When it comes I want to wail - Mail!

coolness !


----------



## Scary Godmother (Oct 13, 2007)

Cool! I'd love to see the reaction to people walking past that on Halloween! What are you using to make it open and jump around like that?


----------



## HauntCast (Jul 25, 2008)

Lotus, 
Great work. I want to make one of these with a hand or rat popping out.


----------



## Lotus (Nov 12, 2004)

Scary Godmother said:


> Cool! I'd love to see the reaction to people walking past that on Halloween! What are you using to make it open and jump around like that?

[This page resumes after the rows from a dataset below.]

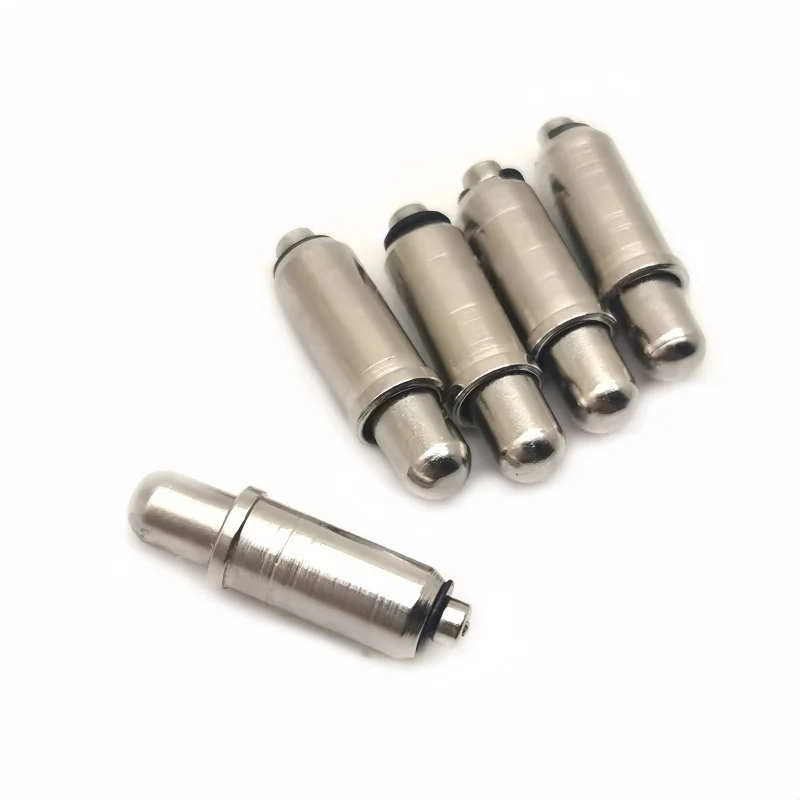 10/50 Buah GP-2D Pin Posisi Kepala Bulat Jarum Pin Uji Pegas Berlapis Nikel 18.5Mm Pasak Jarum Posisi 5.0Mm 18.5Mm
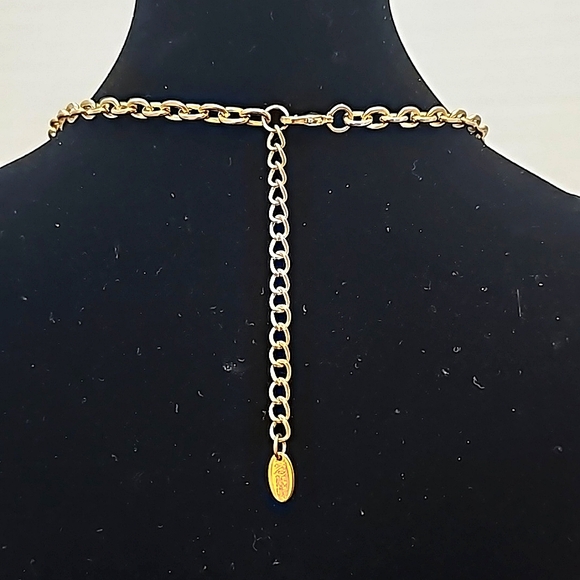 Vintage K Dian Lariat Style Bling Necklace - Picture 4 of 6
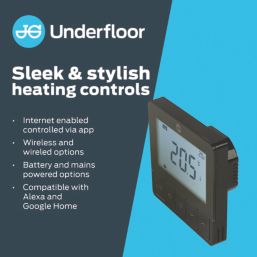 JG Underfloor JGTIME4BL Digital Hot Water Timer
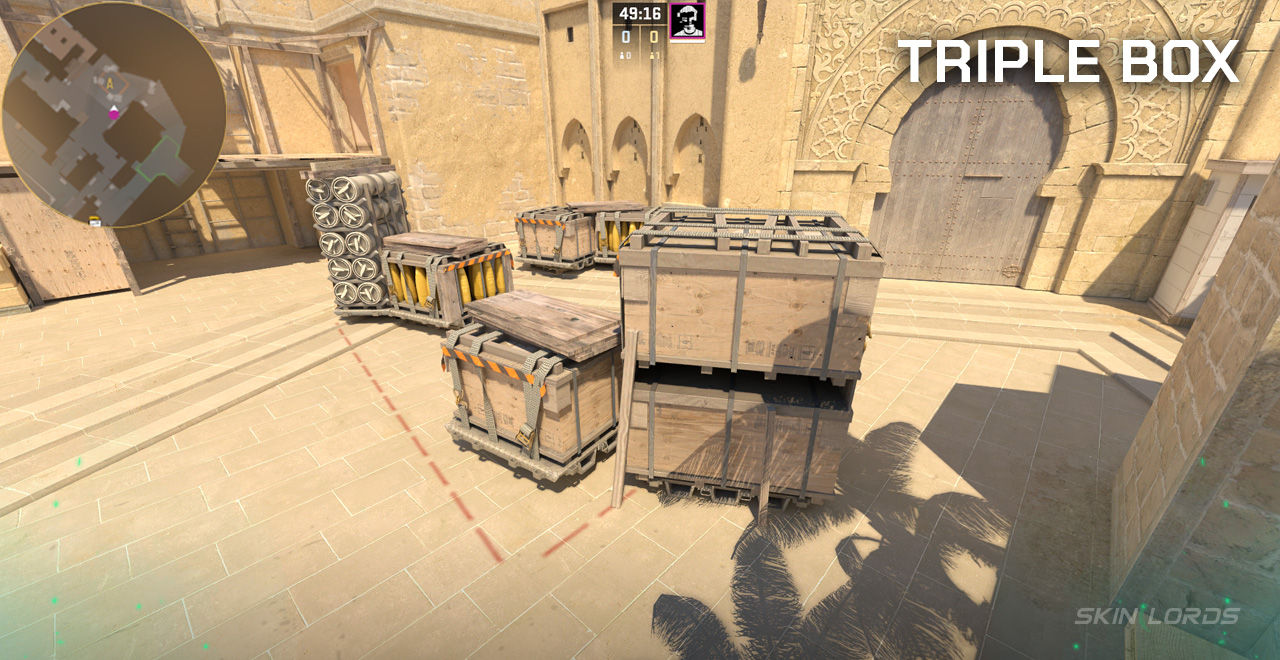 triple box mirage cs2 callout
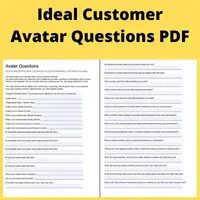 Ideal Customer Avatar Questions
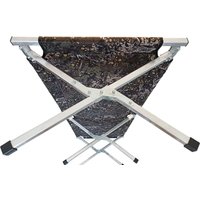 Раскладушка Медведь 200x75x45 (утепленная, со спальным мешком BalMAX Аляска Standart Series до -20°C урбан)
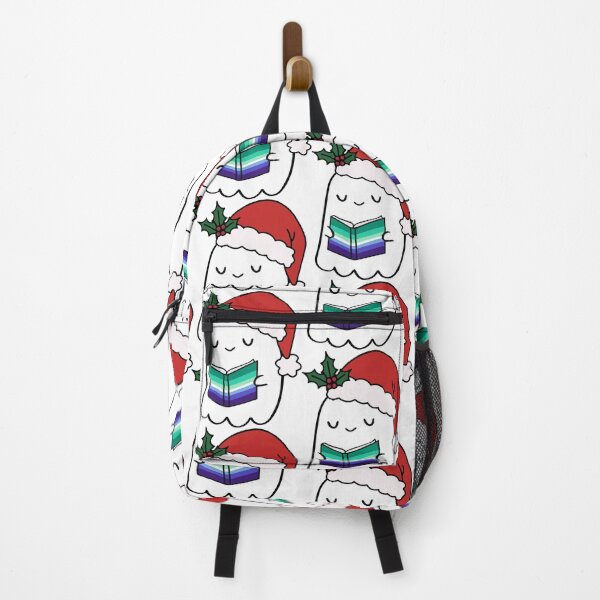 Item preview, Gay MLM Pride Ghost Reading – Cute Christmas Santa Hat designed and sold by Cannaxes Studio.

just using one air cylinder to make it open. The door is a bit bigger then the main part of the mail box so when it moves it causes the mailbox to jump. Was going to make a how to but haven't yet


----------



## Lotus (Nov 12, 2004)

djchrisb said:


> Lotus,
> Great work. I want to make one of these with a hand or rat popping out.

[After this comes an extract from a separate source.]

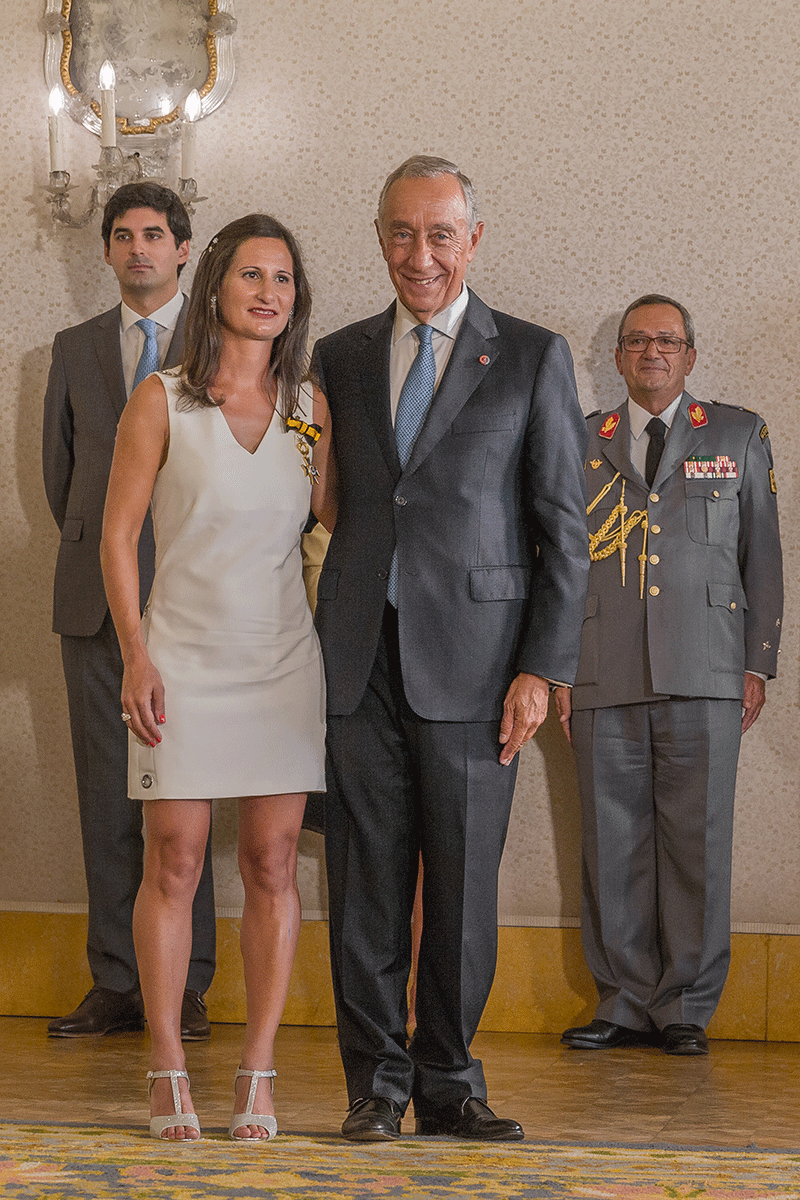 Marcelo Rebelo de Sousa e Inês Henriques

I made one of those for my friend last year, it really easy to do


----------



## pyro (Oct 7, 2006)

looks good joe- you going to have it on a sensor


----------



## Lotus (Nov 12, 2004)

yup


----------



## scareme (Aug 29, 2006)

Wow, what alot of bang for the buck With just an hour's time and something you found in the basement. It must be nice to have talent. I'm jealous.


----------



## Moon Dog (Oct 3, 2006)

I'd hate to be your mailman on Halloween!


----------



## Lotus (Nov 12, 2004)

My mail man hates me already


----------



## DarkShadows (Feb 6, 2006)

nice work man!


----------



## Ghoul Friday (Oct 6, 2007)

Draik41895 said:


> Here's the mail, it never fails.
> It makes me want to wag my tail.
> When it comes I want to wail - Mail!


Glad to see I'm not the only one that thinks of Blue's clues when I see mail 

That is one aggressive mailbox.


----------



## Lotus (Nov 12, 2004)

Almost done my next prop too just need to wire the leds and pneumatics


----------



## Fezzek (Feb 16, 2009)

Hmmm...very cool; anyone else think it needs some vicious teeth just inside the lid??


----------



## Sickie Ickie (Jun 20, 2006)

When I saw it, the door immediately reminded me of a mouth.


----------



## beelce (Jul 21, 2007)

Very nice Lotus....


----------



## RoxyBlue (Oct 6, 2008)

That is one funny prop - simple yet effective.

I agree with Fezzek - teeth would be a terrific addition.


----------



## Ghostess (Aug 21, 2005)

That's an excellent startle!


----------